Why did IEF development stop at Crown? It was the move; the majority of middle management and a lot of senior management did not move to Regina. As I have said, this gave the company a chance to downsize, so the number of staff after the move was 20 or 25% less than before the move…but that still meant a lot of people had to be hired. So, all the original stakeholders who had supported IEF were gone, and the new management had no stake in its continued use.
And IEF was really susceptible to this situation, because overall it was used in support of strategic redevelopment of all our systems, the original business case pictured this happening over the course of seven years, that’s a strategy.

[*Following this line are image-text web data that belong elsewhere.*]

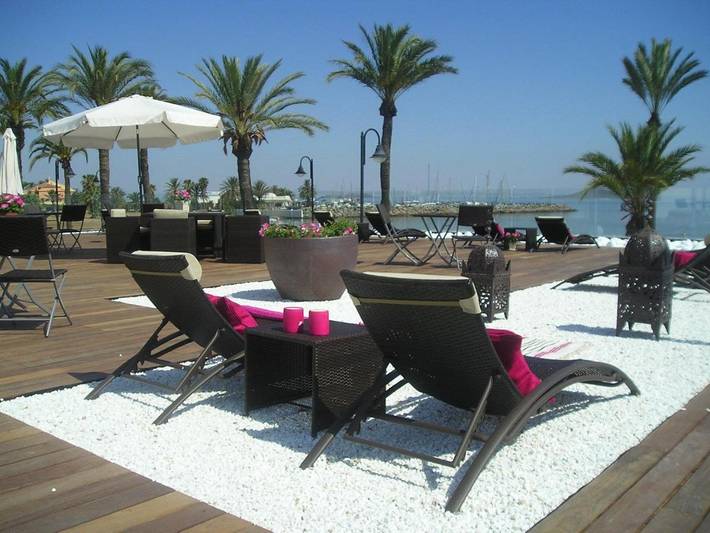 Ferienwohnung für 3 Personen, mit Terrasse und Garten sowie Kinderpool und Pool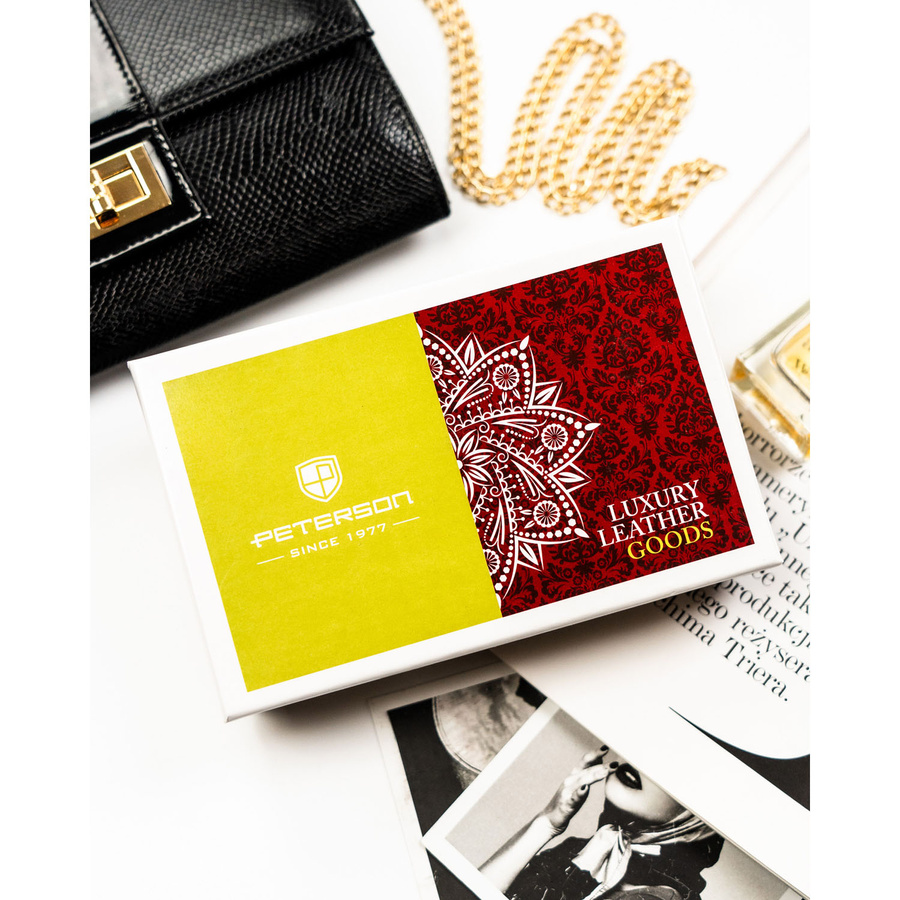 Portfel damski z lakierowanej skóry naturalnej w czerwonym kolorze - Peterson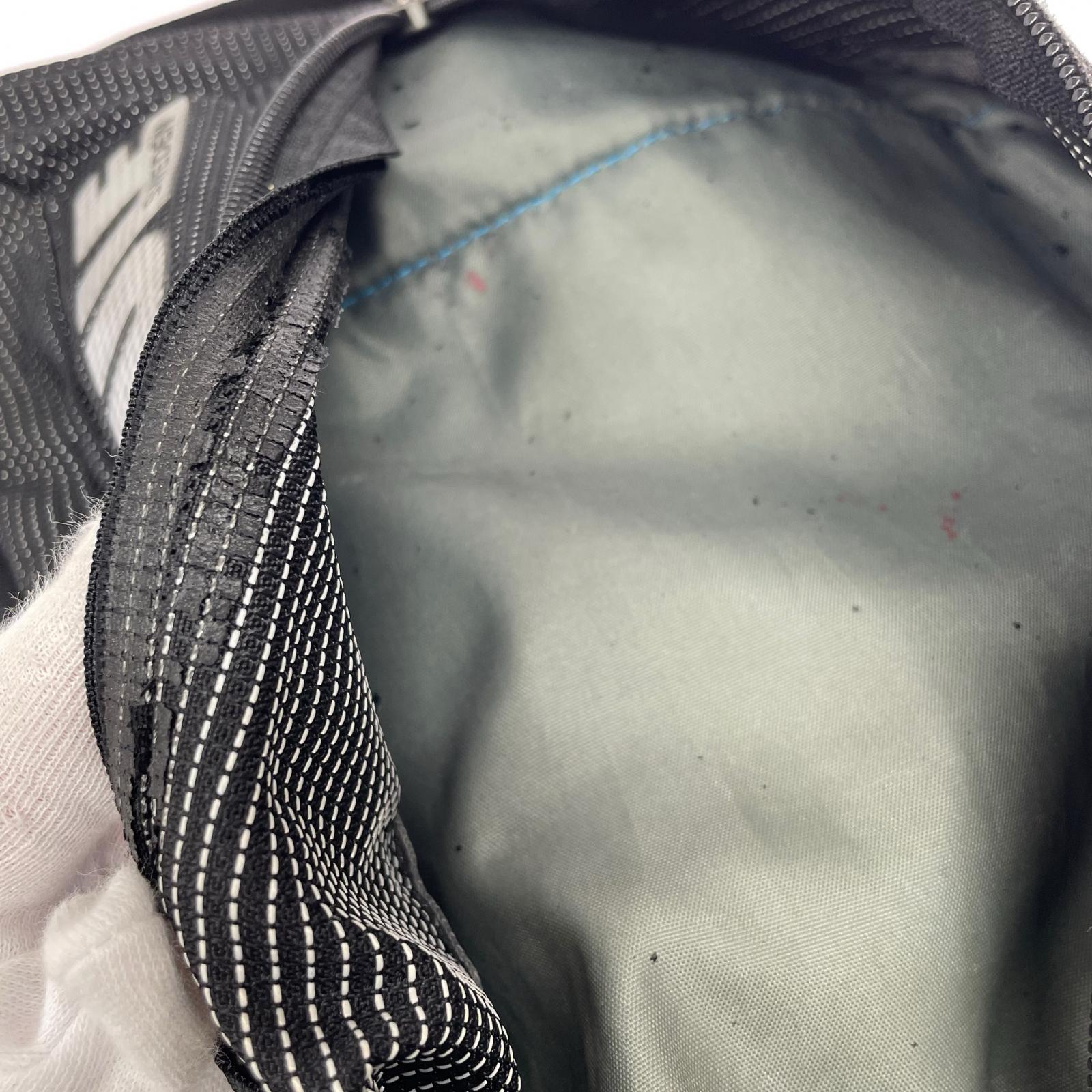 リュック・デイパック THULE CROSSOVER 25L ブラック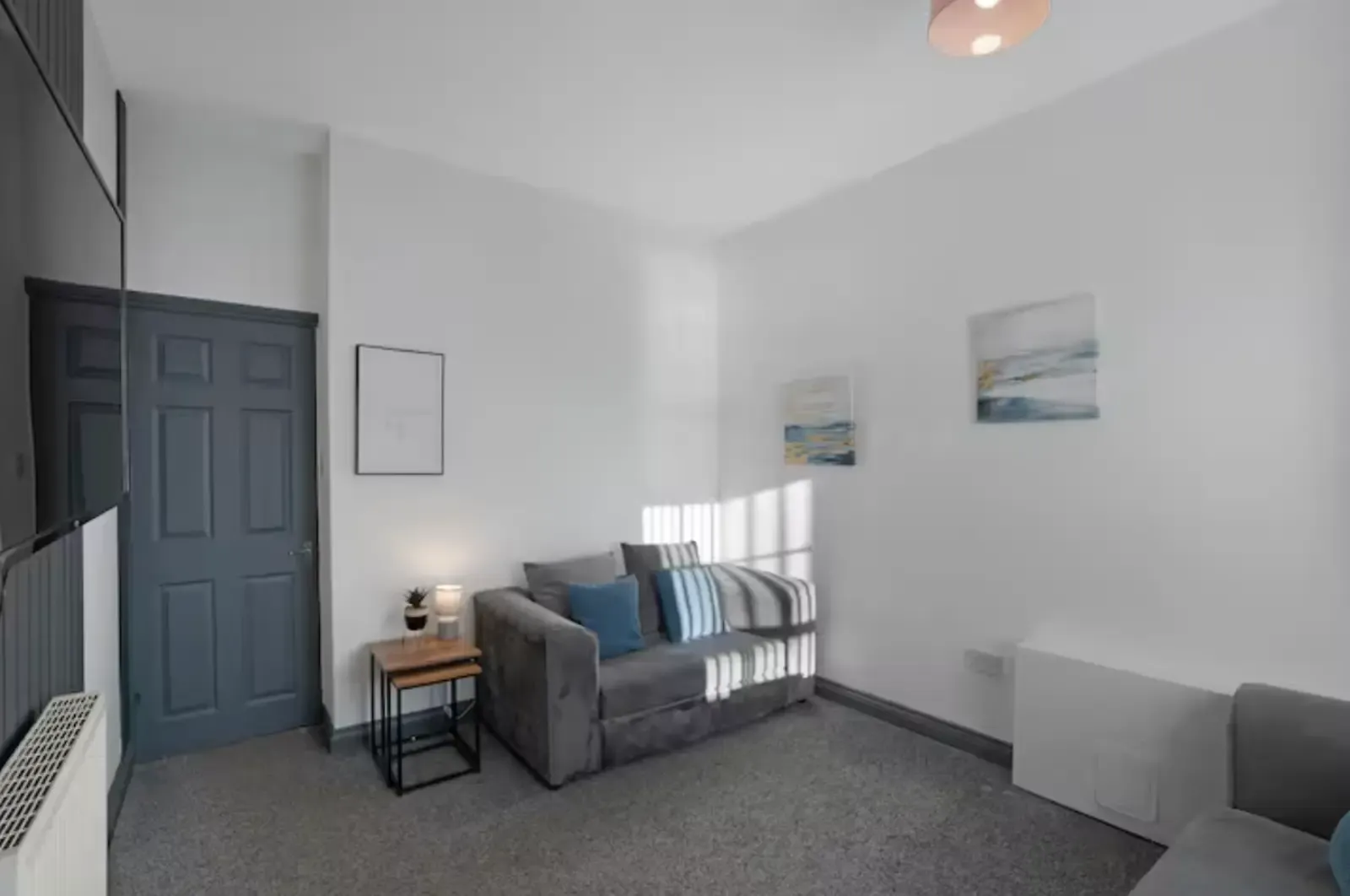 View 1, 82 Church Road by Mia Partners in 82 Church Road, TS18 1TW 1, 82 Church Road by Mia Partners in 82 Church Road, TS18 1TW - Property image 3 - VivreStays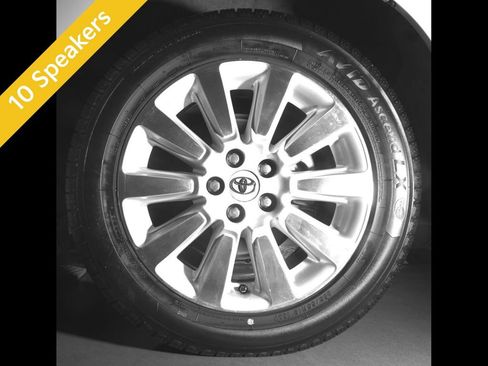 Used 2015 Toyota Sienna Limited Premium AWD/4WD image 12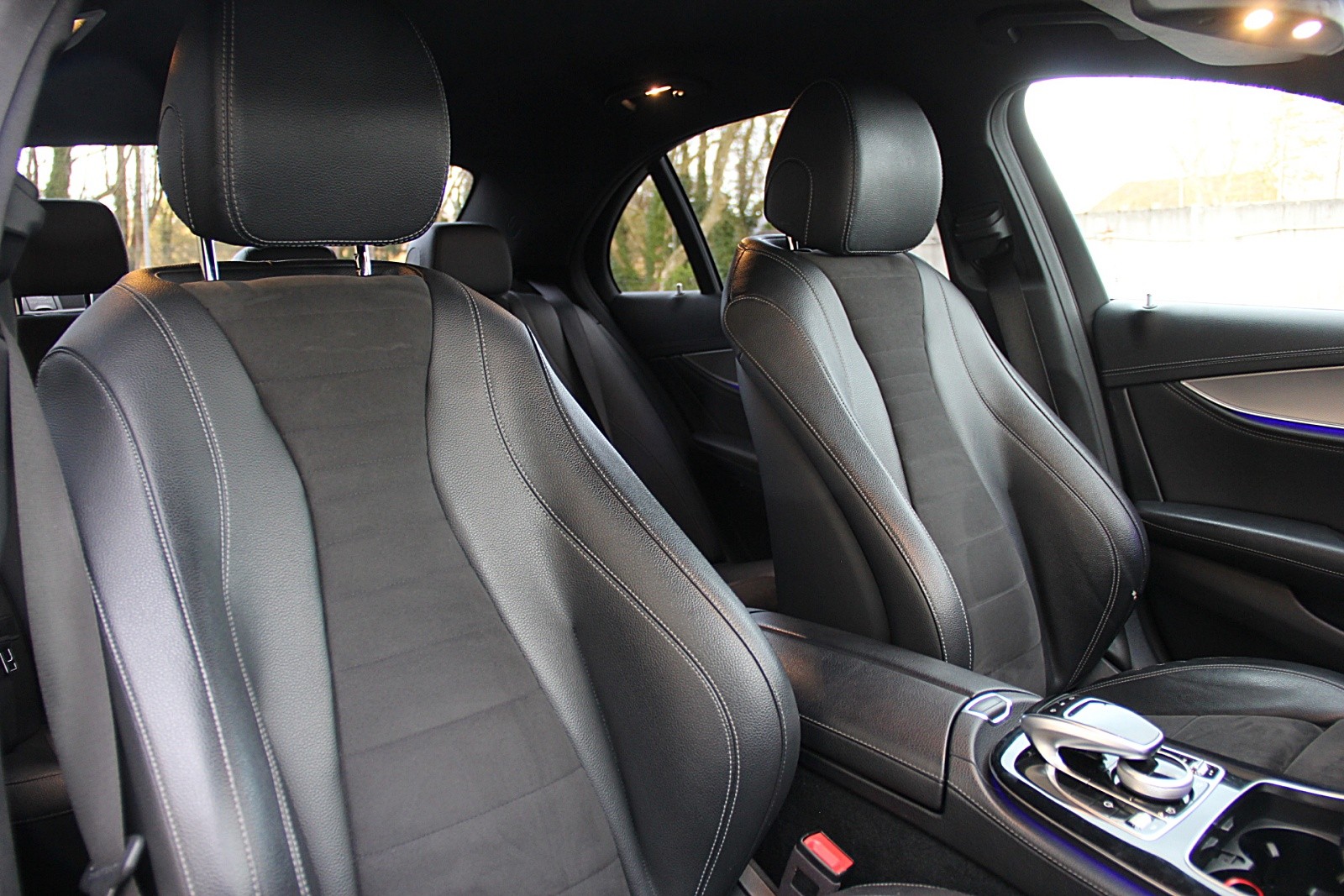 MERCEDES-BENZ E 220 d AMG Line 4Matic 9G-Tronic-image-14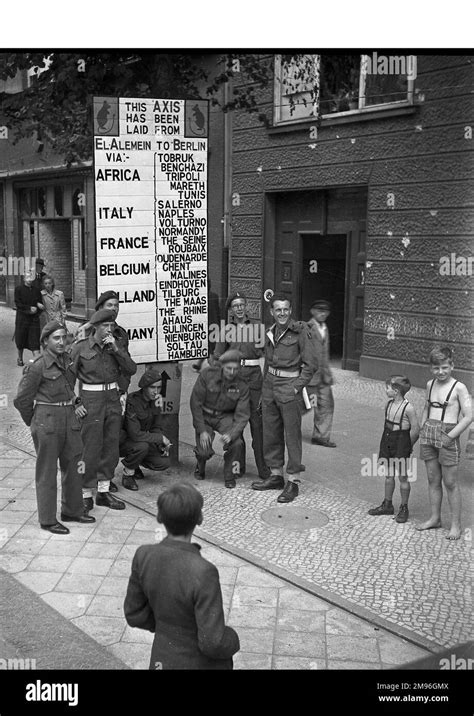 Escena Callejera En Berl N Alemania Al Final De La Segunda Guerra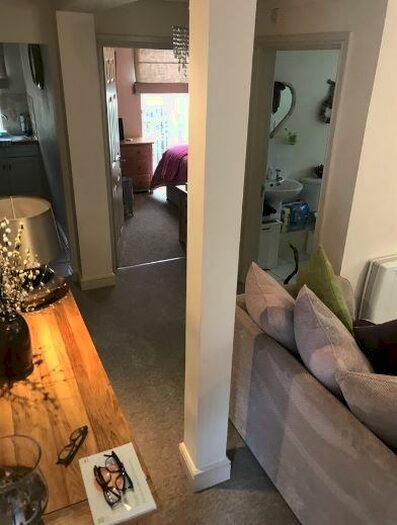 1 Bedroom Flat To Rent In Old Ship Yard, Warminster, BA12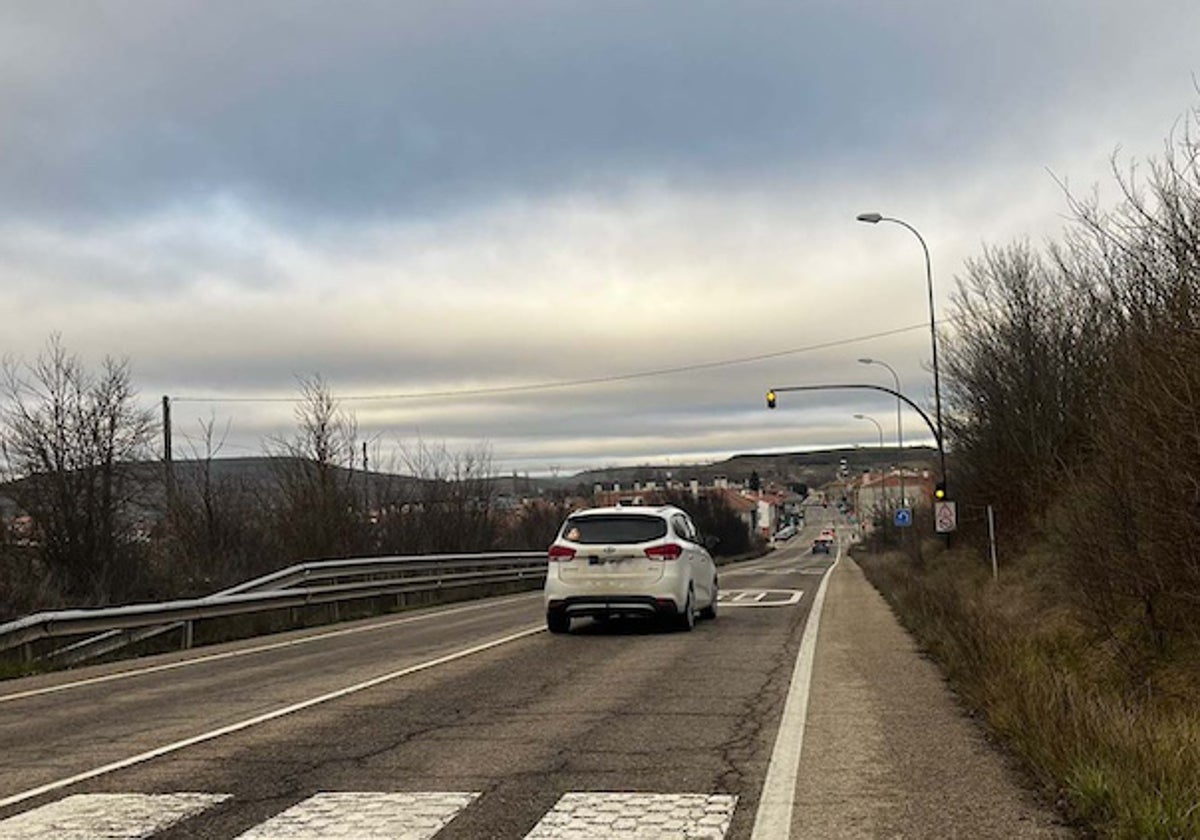 Acceso por la carretera de Burgos al barrio de Villatoro.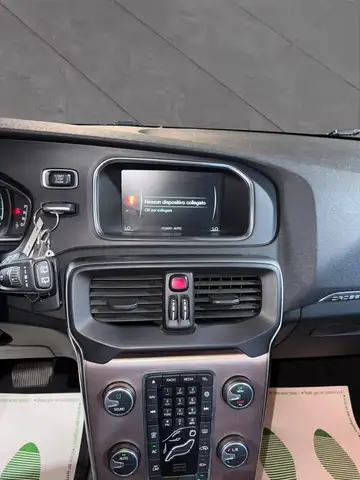 Volvo V40 Cross Country view 10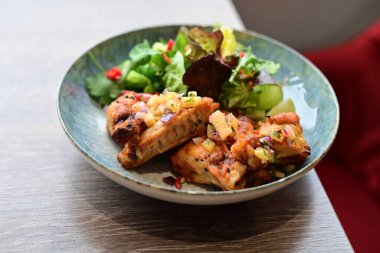 Gochujang Tavuk Kanatları ve Baharatlı Renkli Salata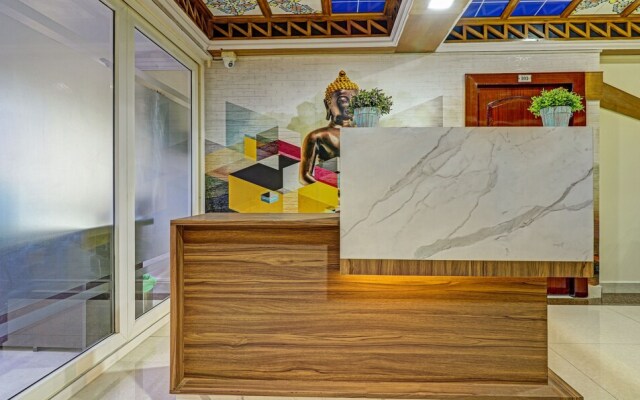 Itsy By Treebo - Eesha Elite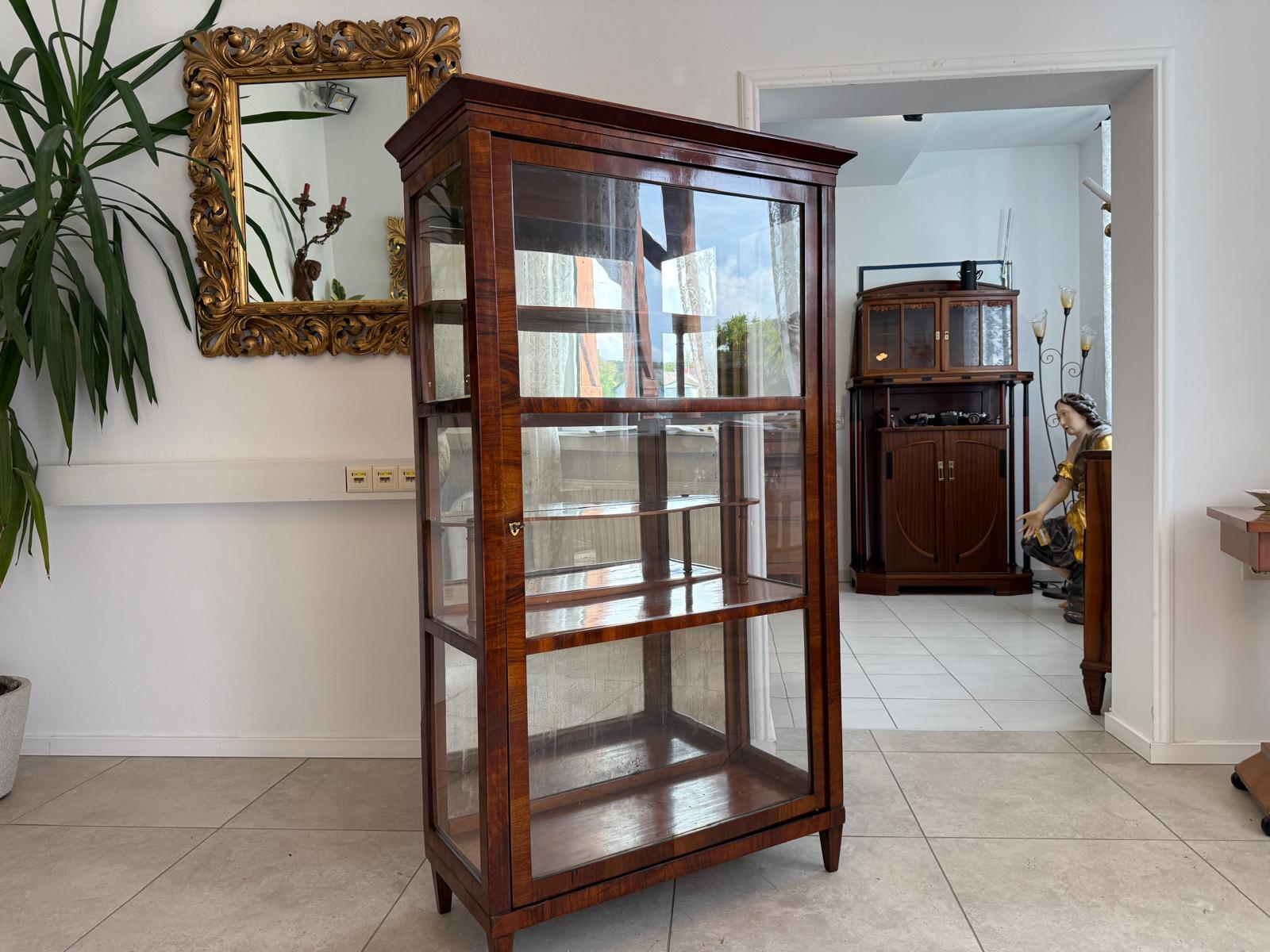 Restaurierte Stilvitrine Biedermeier Glasschrank Bücherschrank G2014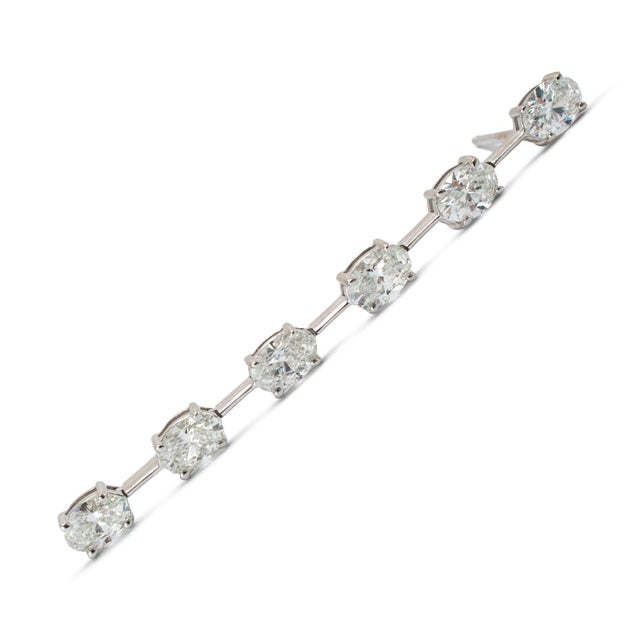 Early 21st Century Ladies 18k White Gold 3.50ctw Oval Cut Diamonds Drop Dangle Earrings For Sale - Image 5 of 9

But if you are a new manager in a new job in a new company, you don’t want to fall in line with a seven year strategy created by people who are now longer around, you want to deliver quick success, show that you are worth having around. That’s OK, and is acceptable in normal turn-over at a company; but with 60 to 70% of the managers all new at the same time, the IEM/IEF strategy (no matter how worthwhile) was dead.
I made a last stab at keeping it alive, writing a white-paper and doing presentations and such. I received great compliments on the white-paper -- I wish I had kept a copy --- but the response overall was “I can’t do that now”. I even presented how to use IEF on a more tactical level, just doing any project without an overall architecture. Jams Martin had figured out people wanted this and developed a one-project-only version of IEM called RAD (Rapid Application Development), and the promise of this version had helped sell IEM in the first place.
Unfortunately(!), this was the point in IT history when Client-Server development tools appeared, especially 2-tier tools that had you paint a screen, run it on a PC and it went directly against a database on a server. These tools did a whole lot less than IEF, but that also made them a whole lot cheaper, so when I would meet with a Project Manager about IEF, he or she would say SQLWindows was cheaper (and they had used it in their last job), so that’s what I am using, sorry.
And so ended the real saga of IEF at Crown. We kept our hands in it because of the Canada Pensions system, and I did get to go to some IEF user conferences. Such conferences are always in nice places, like Disneyworld or Vegas etc., so you take those perks when you can…but it was at one of those conferences, as described earlier, that TI announced it was selling IEF …and that was the real end.